They’ve already qualified for the knockouts, but Jordan Henderson says England won’t take it easy against Belgium.

Jordan Henderson has had a strong start to the World Cup, being named Man of the Match for a widely praised performance in England’s first game victory over Tunisia and only being overshadowed in yesterday’s win over Panama by Harry Kane’s penalty spot heroics.

Next up for them is Belgium, and with both sides having already qualified, talk has turned to how they will approach the match—and, perhaps inevitably, some will be asking if finishing second in the group might be preferable. Henderson isn’t interested having that.

“We’re ready to take on any opponent,” he said following Sunday’s 6-1 thumping of Panama. “What might happen later, I’m not thinking that way. We’re concentrating on beating Belgium. We want to keep winning, want to top the group—we want to keep this run going.”

England and Belgium are level on points, goal differential, and goals scored. Meaning if they play out a draw, the resulting tie will have be broken by which side has the better fair play record. Whoever comes out top—by victory or tie-break—faces Group H’s second side.

The side that finishes second will then face Group H’s winner. Right now, Senegal and Japan are level at the top of Group H, but Colombia are also in play and any of the three countries could finish top, second, or out of the running after the next round of matches.

All of which means that even if England did have a preferred match-up, it would be almost impossible to know which result would earn it. Plus, the group winners and runners-up will end up on different sides of the knockout round bracket for the quarter- and semi-finals.

Win, and as things stand right now at least you’re going into the side of the bracket with the big names—France, Brazil, Spain, and Germany. Lose, and as things stand right now you end up in the side of the bracket with Portugal, Denmark, Mexico, and Switzerland.

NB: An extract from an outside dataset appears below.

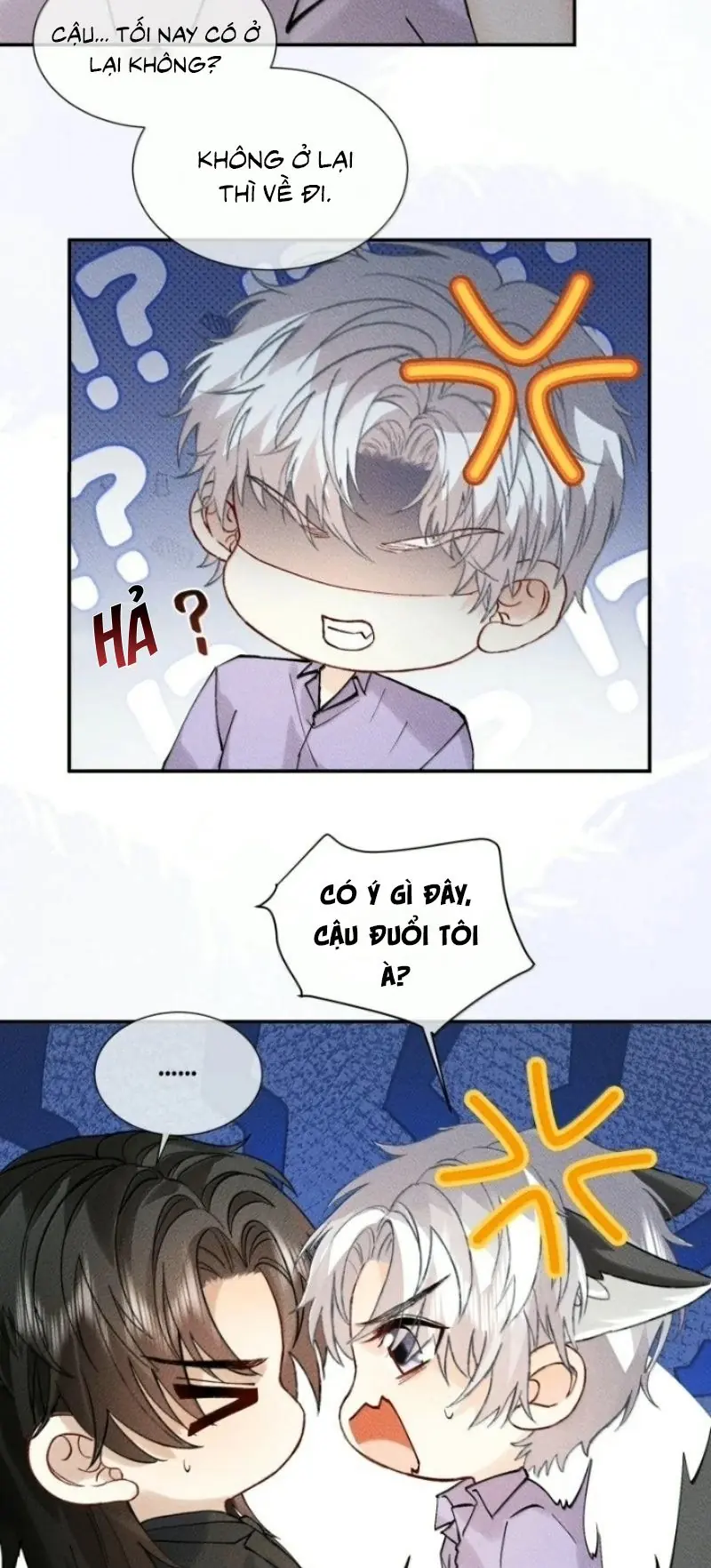 Nhận Kẻ Địch Làm Cha Chapter 49 - Trang 9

On paper, then, you might want to finish second—though a few of those big names have struggled at times here at the World Cup, and the final round of games could end with the brackets looking very, very different than they do after the first two group stage games.

“If you want to do well in the World Cup, you have to defeat good teams anyway,” Henderson insisted. “So it doesn’t really matter who you get. We want to build on our performances so far, we want our level to keep improving, to keep getting better.

“You want to keep that going right the way through the tournament. We don’t want to be thinking too far into things and getting caught up in all that sort of stuff. Top teams win games, it’s as simple as that.”